= Paolo Bozzini =

Italian painter

Paolo Bozzini (25 January 1815 – 1892) was an Italian painter.

==Biography==
He was born in Piacenza. He began his studies under Carlo Maria Viganoni in his native city; the patronage of doctor Lodovico Guglieri, allowed him to travel to Rome to work in the studios of Cammuccini, and Podesti. The later was a close mentor. The priest Luigi Rezzi, also from Piacenza and a professor at the University of the Sapienza in Rome, also helped him design works. He died from progressive paralysis.

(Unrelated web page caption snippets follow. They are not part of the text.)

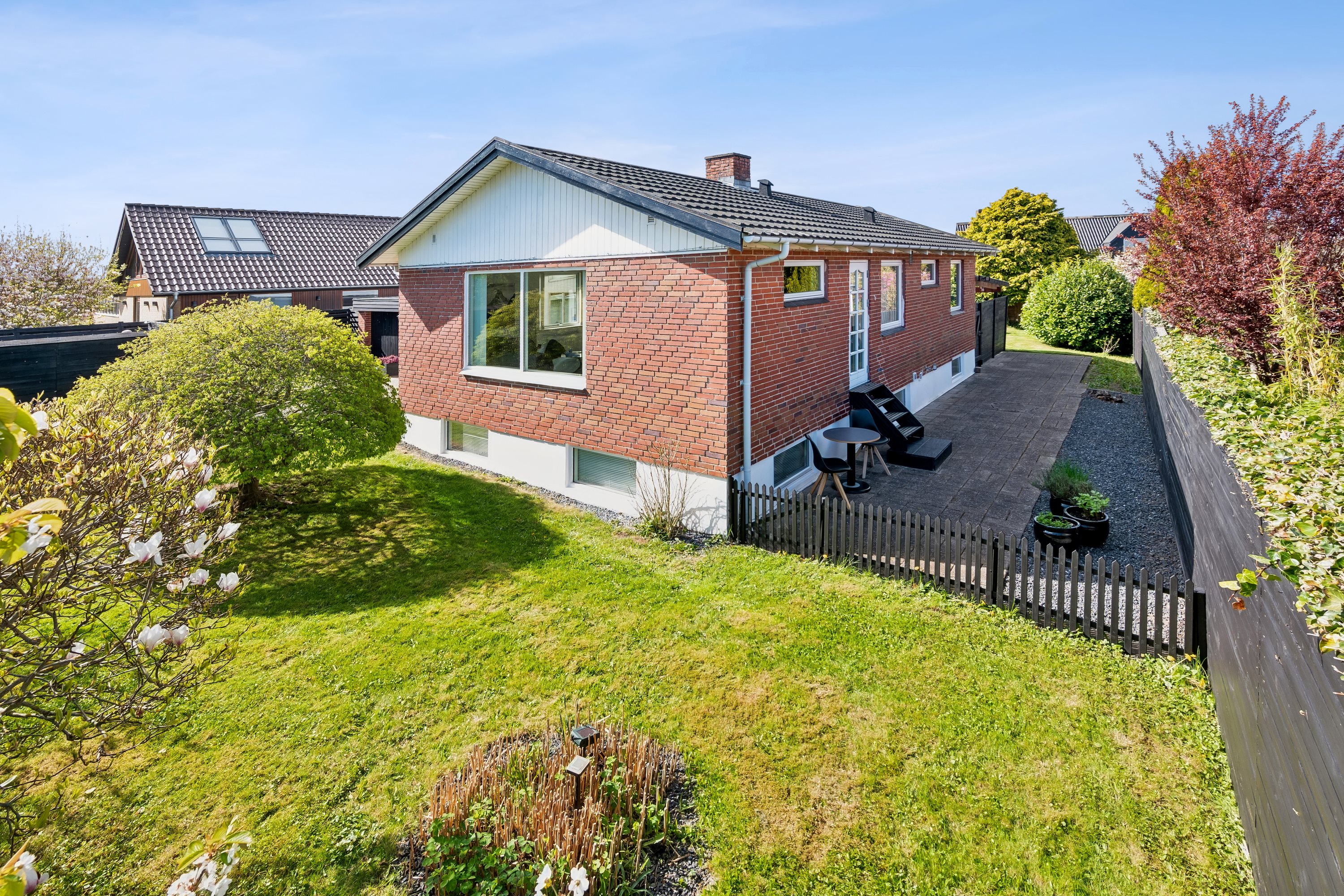 Fremhævet ejendom 1 billede i fuldskærmstilstand. Billede af Egå Strandvej 13, 8250 Egå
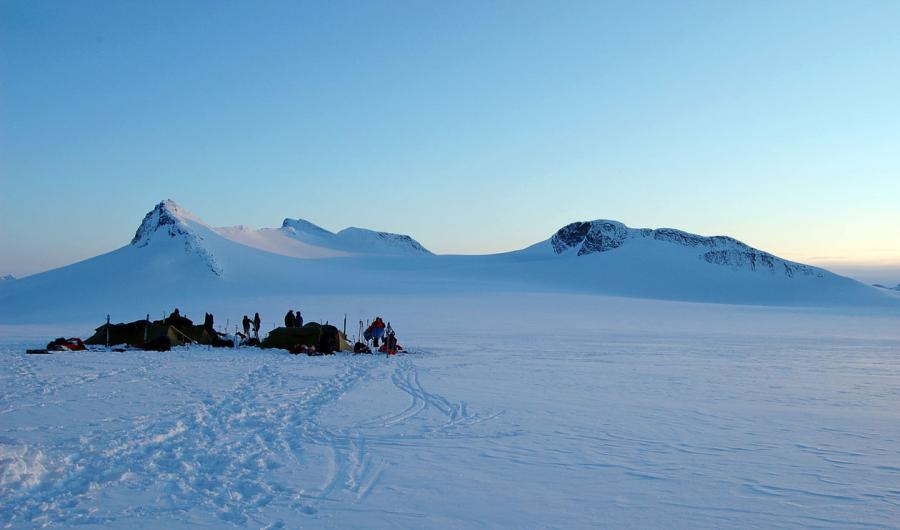 Studenter på telttur i vinterfjellet.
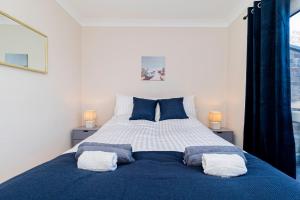 Modern 2 Bedroom Home Near Shops and Attractions Sleeps 6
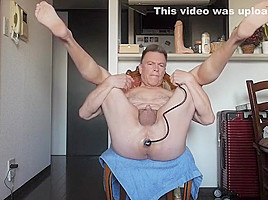 Older Queer Practices Anal Stretching with Inflatable Asshle Toy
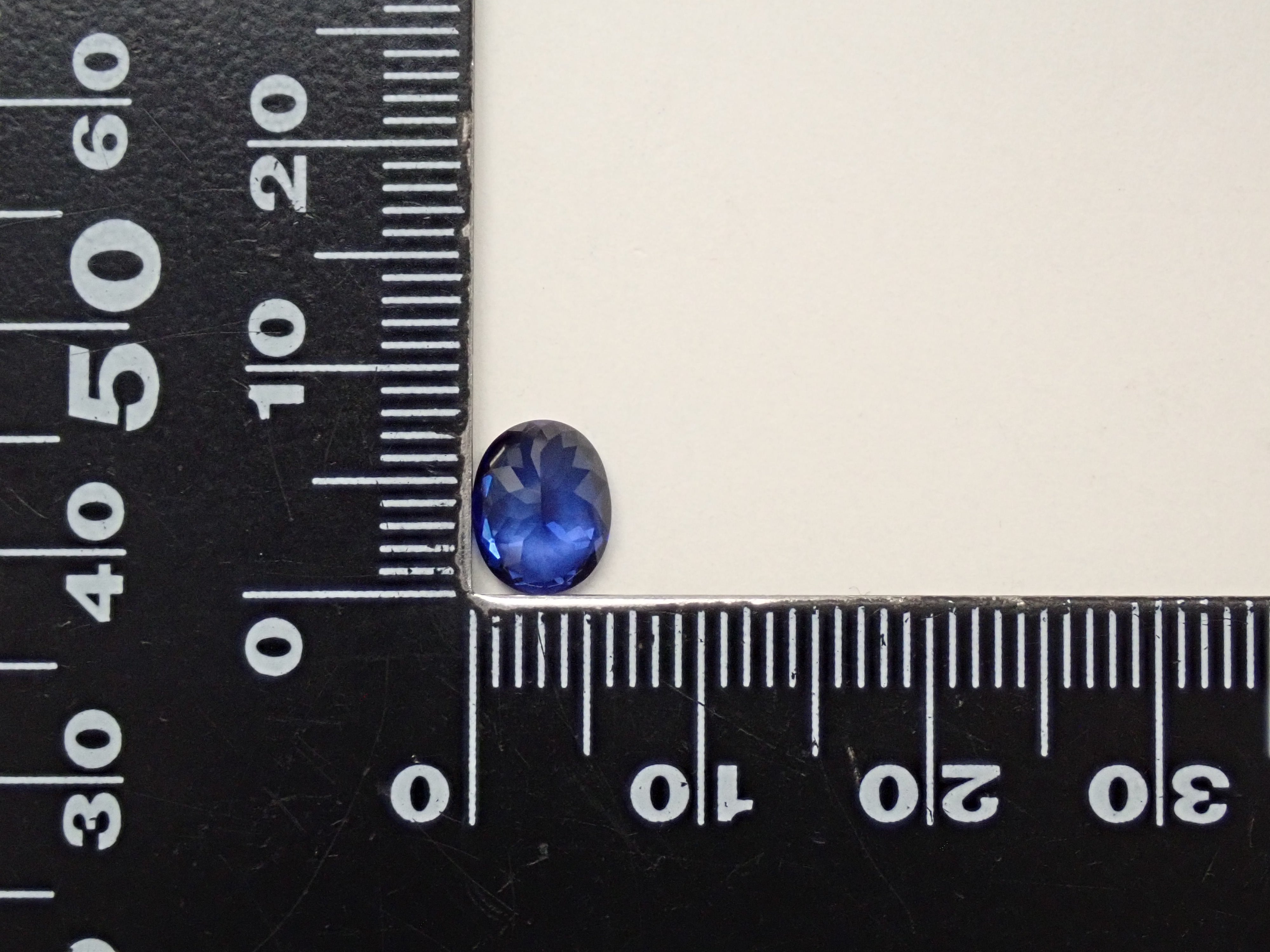 【12561925掲載】合成サファイア 1.551ctルース
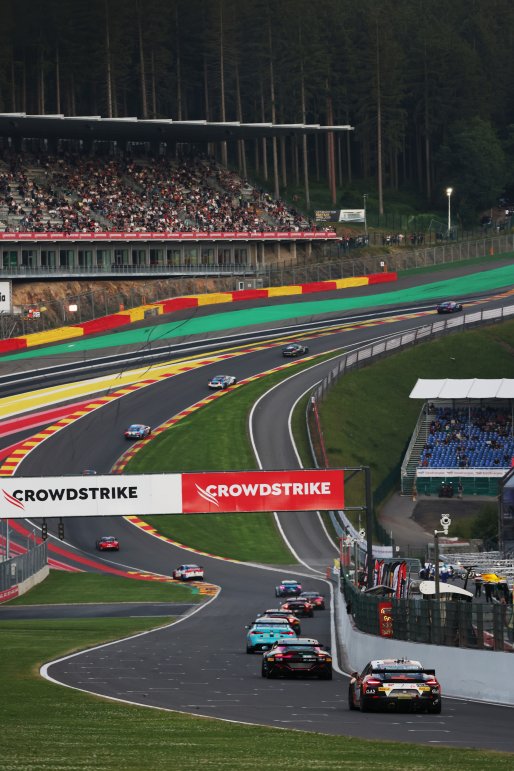 #24 - JSB Competition - Viny BELTRAMELLI - Nicco FERRARIN - Porsche 718 Cayman GT4 RS CS
 | SRO / JEP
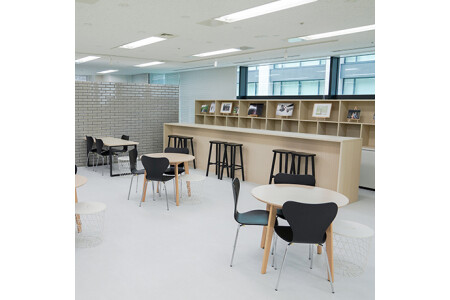 著名なメイクアップアーティストの講演/研修もあります！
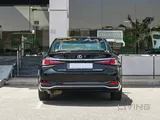 Lexus ES 300h 2023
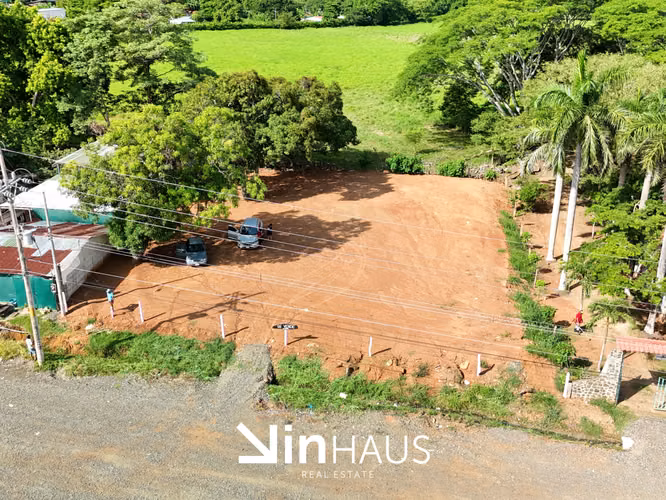 Venta de lote de 1449 m con potencial comercial en Abangares -EU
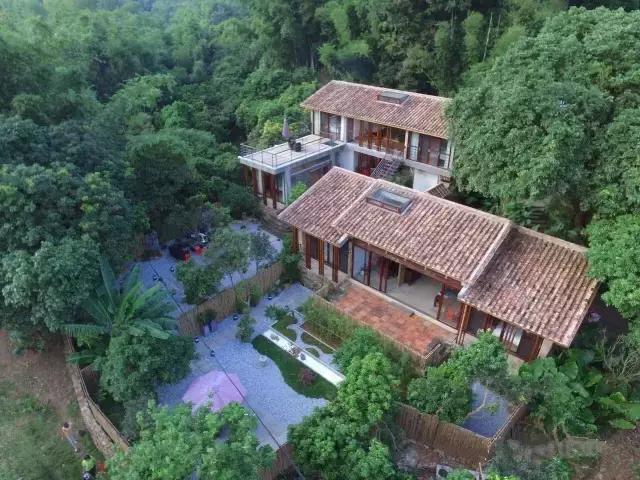 一个隐匿的世外桃源,一间隐藏在市区民宿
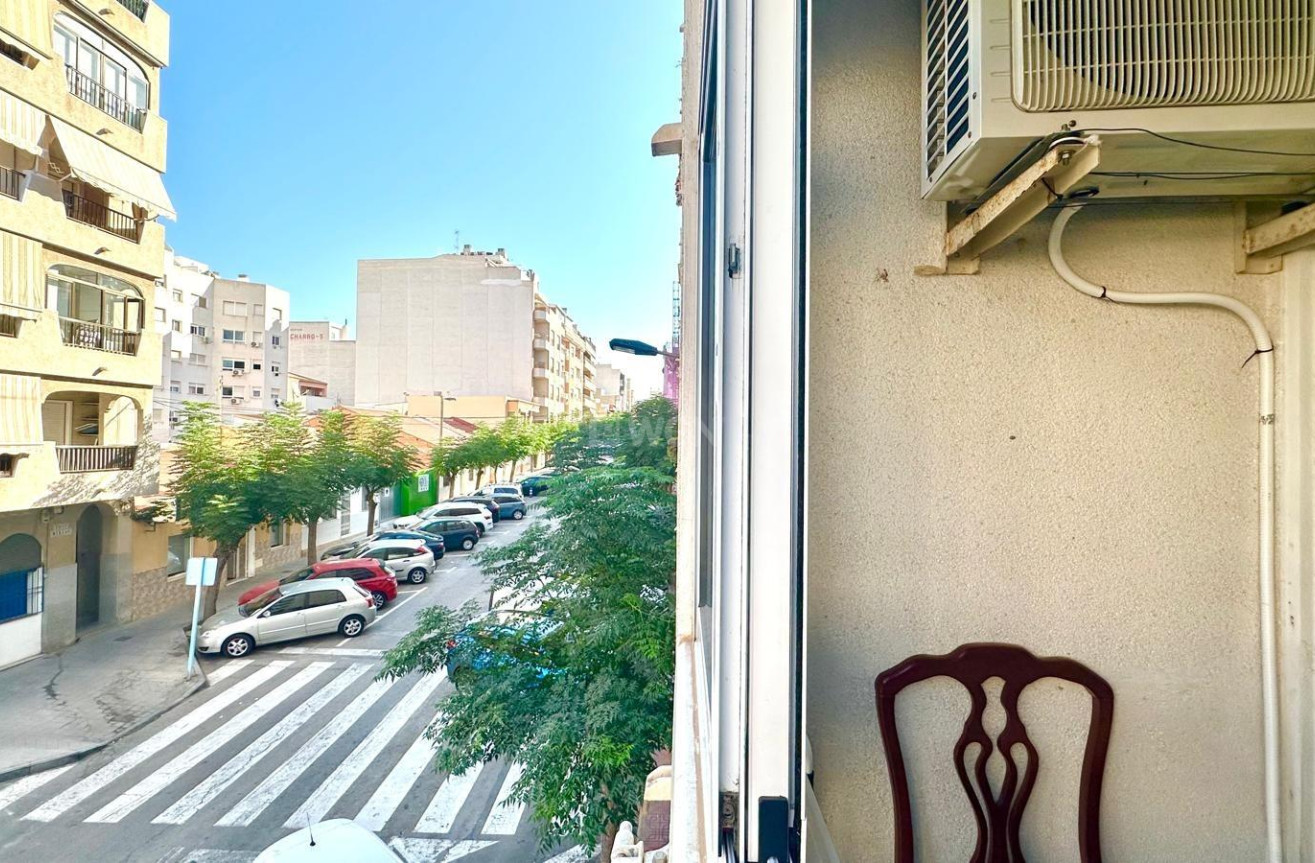 Odsprzedaż - Mieszkanie w bloku - Torrevieja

Among his works in Piacenza: the altarpiece at the Sacristy of the Cathedral of Piacenza, representing the moment before the martyrdom of Santa Giustina; The arrest of Pandolfo Collenuccio of Pesaro; Filippo Arcelli assists the needs of his brother and son from a window in the Castle of Sant'Antonino in Piacenza; Giulio Alberovi presents the portrait of Elisabeth Farnese to Phillip V, King of Spain; Defense of Piacenza against the siege of Francesco Sforza; Correggio shows his St Jerome in his studio at a Nun; Garibaldi embarks from Marseille; Apotheosis of St Rocco for the church of the same name; Jeremiah predicts the captivity to the Hebrews; Death of Matatia; Apotheosis of San Ludovico. His daughter Candida Luigia Bozzini was also a painter.